I’ve used some of these phrases myself.  They aren’t always bad advice.

What I meant when I used them was that if you feel wrong about doing something that some parenting guru told you to do–then don’t do it!  You don’t need to “sleep train” your baby, use cry-it-out, wean from nursing, or screw with anything else that humans were made to do (aka, is natural), if you don’t want to.

But that’s not what everyone means.


My baby just turned one year old last month.  We still bedshare and nurse throughout the night.  But I’m tired you guys.  Like, real tired.  Fortunately my co-parent is awesome and takes the babe almost every morning so I can get a couple of uninterrupted hours of sleep, but it still just didn’t feel like it was working for me anymore.  But I also wasn’t ready to stop bedsharing or nursing altogether–and current child development research suggests that I have no business stopping those things yet–so I felt a bit stuck.
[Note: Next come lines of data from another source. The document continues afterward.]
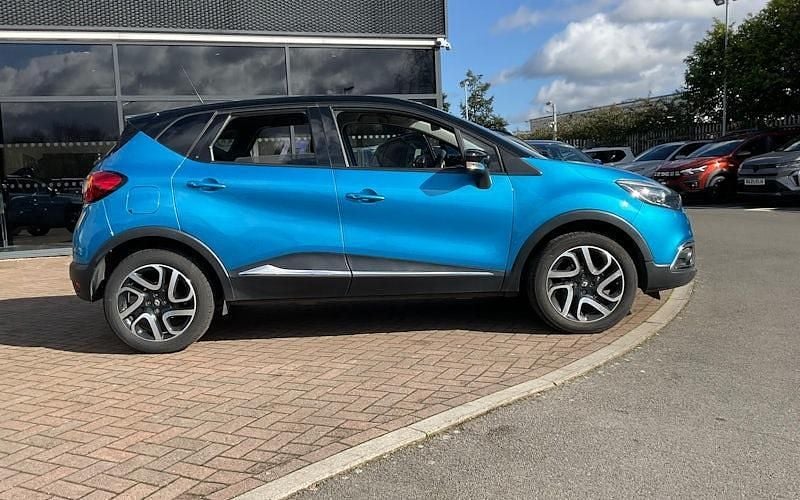 Used Renault Captur Dynamique 90 HP (66 kW) 2016 SUV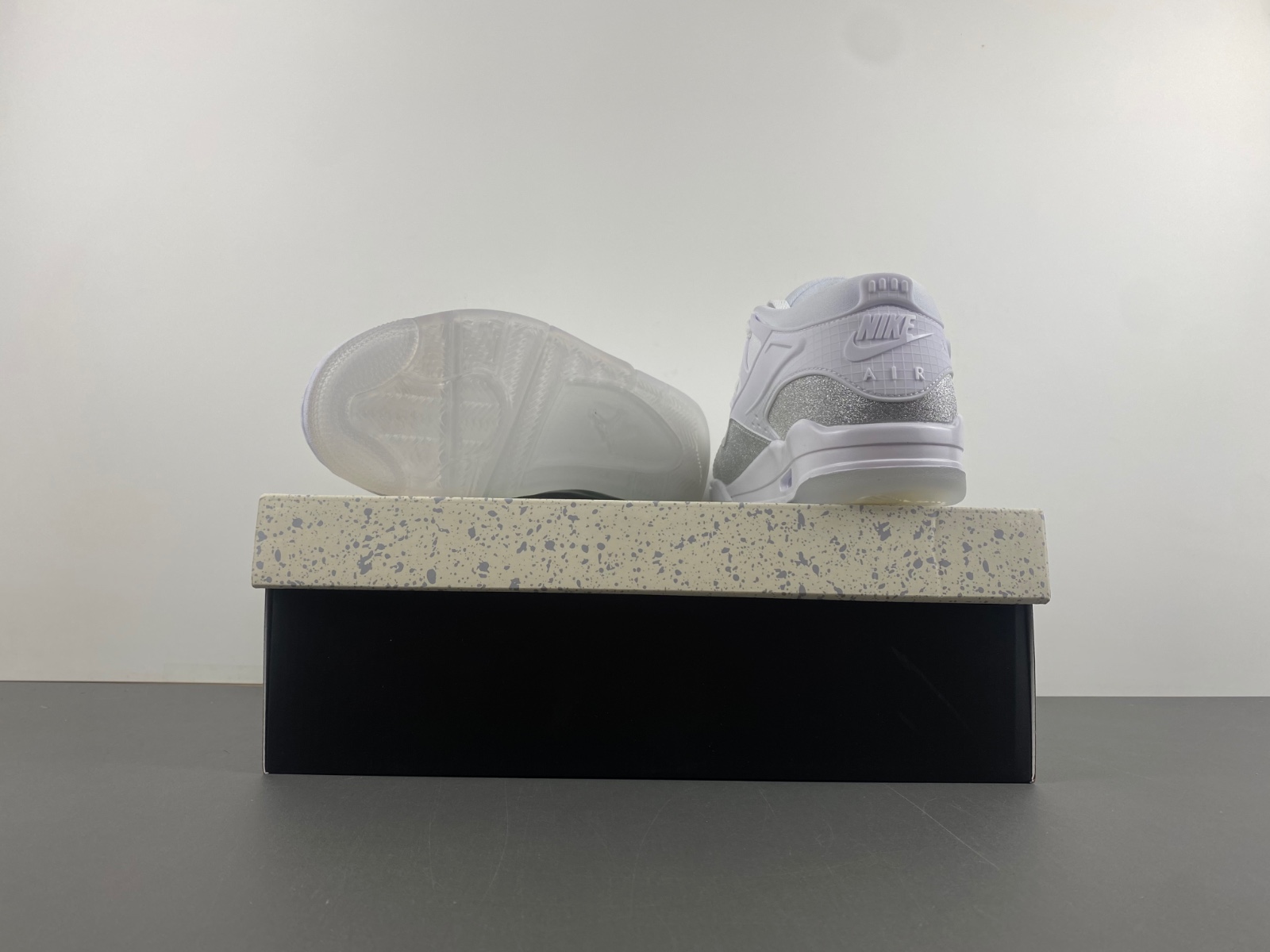 Jordan 4 RM white HQ3441-111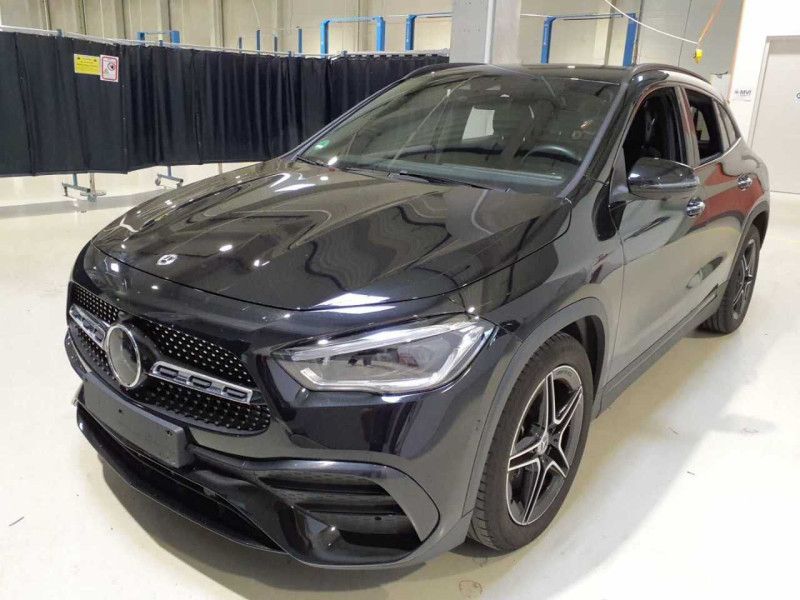 Mercedes-Benz GLA-класс GLA 200 AMG Line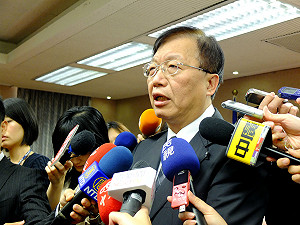 郭董宣傳罷免？ 陳威仁：他還沒開始嘛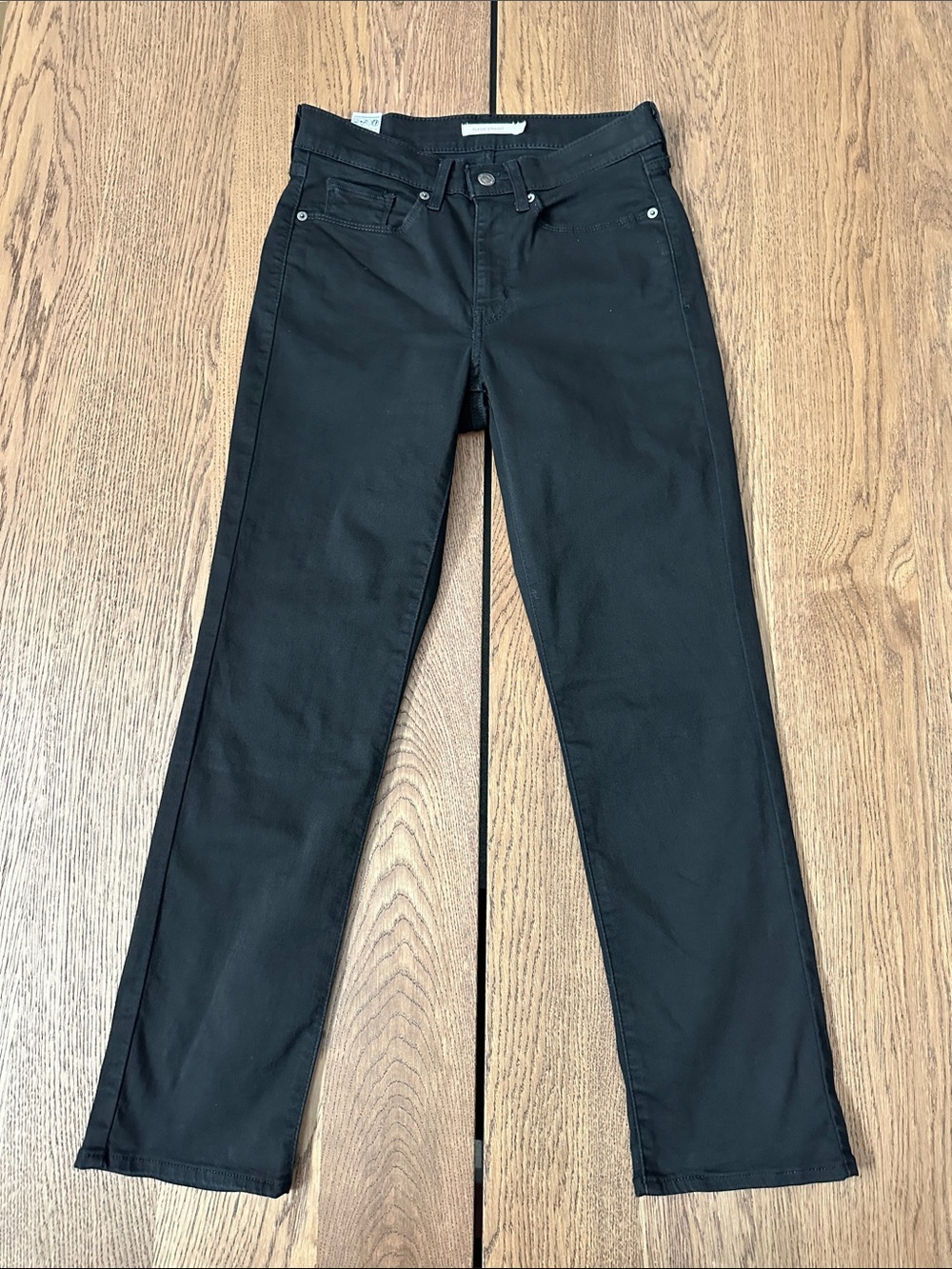 Levi Strauss & CO. Women’s Classic Straight Black Jeans - size 4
But, when I came across this article by bedsharing proponent Dr. Jay Gordon, I thought that we had a solution!  Gently teach your baby to sleep 7 hours a night without needing to wake up to nurse, and he still gets to bedshare but we all get to sleep a little more…perfect!

Dr. Gordon really emphasizes though, that if at any point the crying is too much or it just doesn’t seem like the right time for YOUR baby–then stop!  He tells us to trust our instincts if we feel that this program isn’t good for our little ones at that particular time.

I think that’s darn good advice.

And, incidentally, after several days of our little boy crying in our arms half the night, we decided that he wasn’t ready.  We were pushing too hard.  We’re planning to try again in a few months.  We trusted our own instincts and our child’s instincts and made a decision about what is best for our family at this time.

But make no mistake, this was an educated decision.

We are both very familiar with the research that completely supports long-term bedsharing, breastfeeding, and overall close attachment between parent and child.  We were weighing the need of the parents to sleep against the baby’s need to nurse at night and we guessed that our need to sleep was greater; but we were wrong.

Our knowledge of child-development formed the backdrop for the situation in which we “trusted our instincts”.


Here’s what I believe is the crux of the problem with the whole “do what feels right” mentality: Even child abusers “feel right” about what they are doing.  They often believe that they are teaching good discipline.  So just because something feels right, doesn’t mean that it is right. 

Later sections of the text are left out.